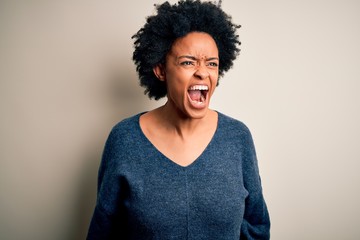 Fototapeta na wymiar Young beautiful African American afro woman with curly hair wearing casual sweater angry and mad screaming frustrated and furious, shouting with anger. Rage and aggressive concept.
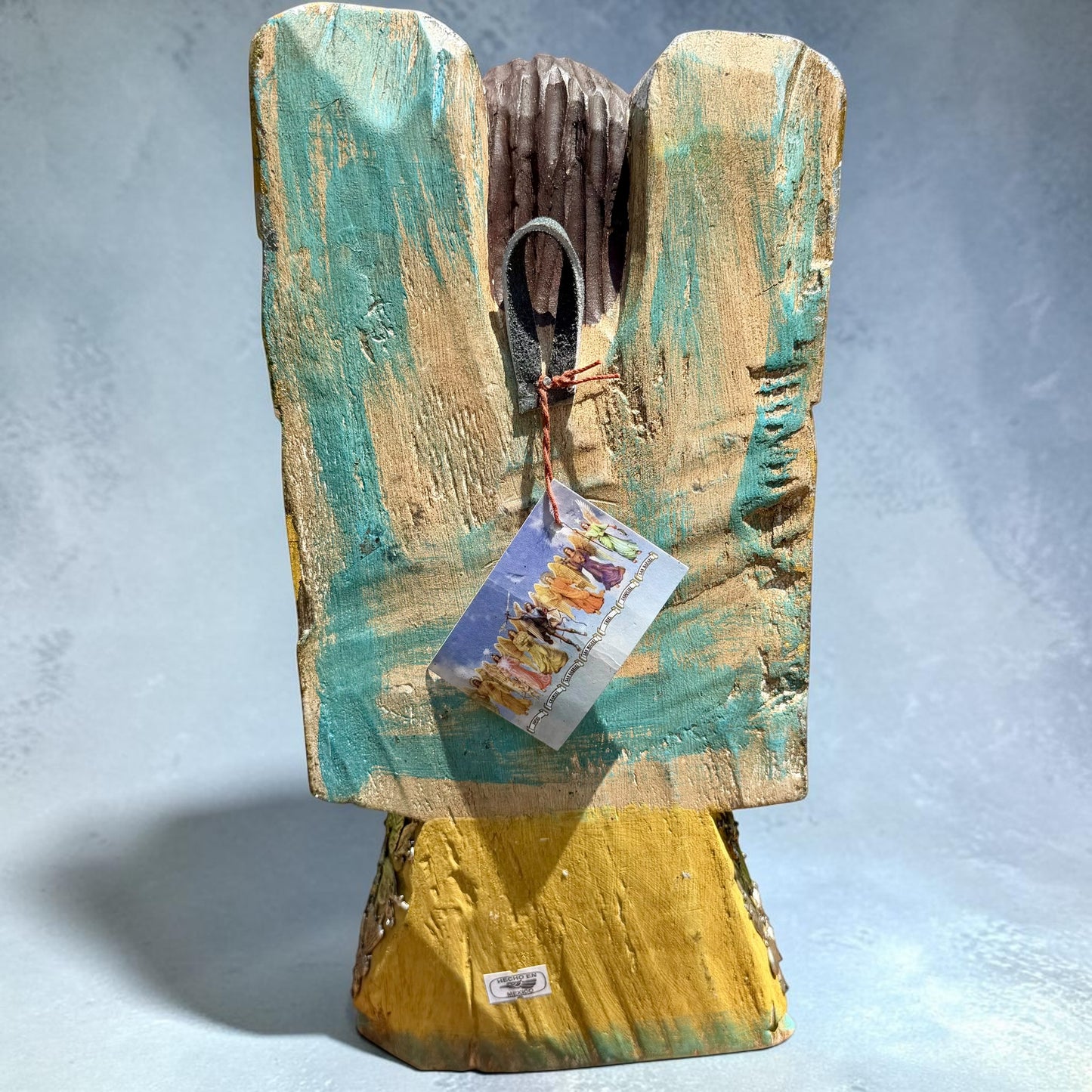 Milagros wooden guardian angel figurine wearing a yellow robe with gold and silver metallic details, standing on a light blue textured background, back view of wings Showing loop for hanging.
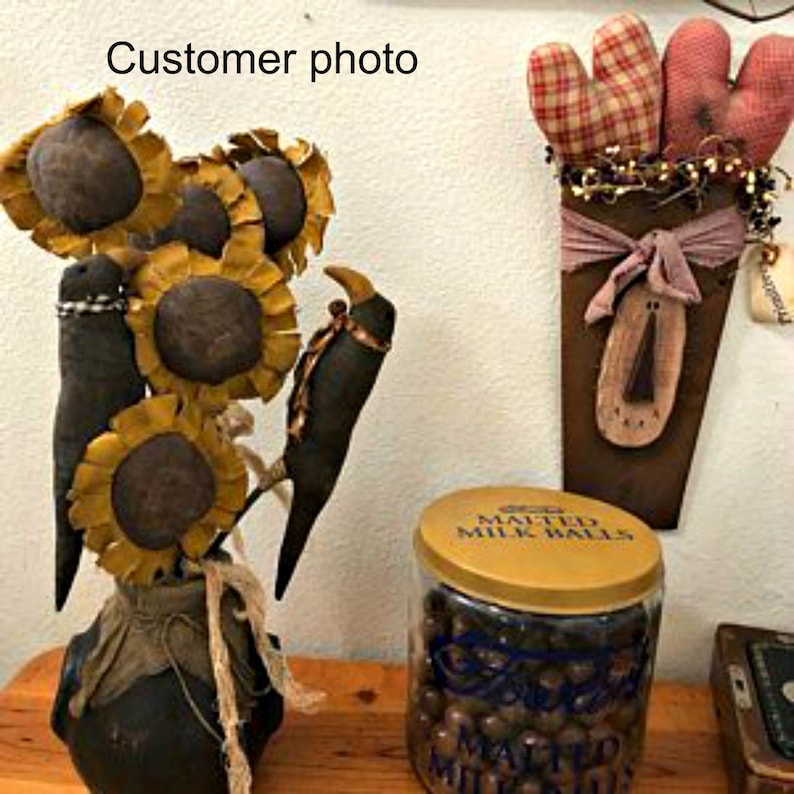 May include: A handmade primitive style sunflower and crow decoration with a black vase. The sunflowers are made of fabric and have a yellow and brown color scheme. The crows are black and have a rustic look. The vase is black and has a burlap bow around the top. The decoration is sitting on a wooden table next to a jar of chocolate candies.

■ **EXERCISE AIM**:
Print the material verbatim; drop the pictures.

■ **SOLUTION FOR THIS PROBLEM**:
 Fototapeta na wymiar Young beautiful African American afro woman with curly hair wearing casual sweater angry and mad screaming frustrated and furious, shouting with anger. Rage and aggressive concept.
 Milagros wooden guardian angel figurine wearing a yellow robe with gold and silver metallic details, standing on a light blue textured background, back view of wings Showing loop for hanging.
 May include: A handmade primitive style sunflower and crow decoration with a black vase. The sunflowers are made of fabric and have a yellow and brown color scheme. The crows are black and have a rustic look. The vase is black and has a burlap bow around the top. The decoration is sitting on a wooden table next to a jar of chocolate candies.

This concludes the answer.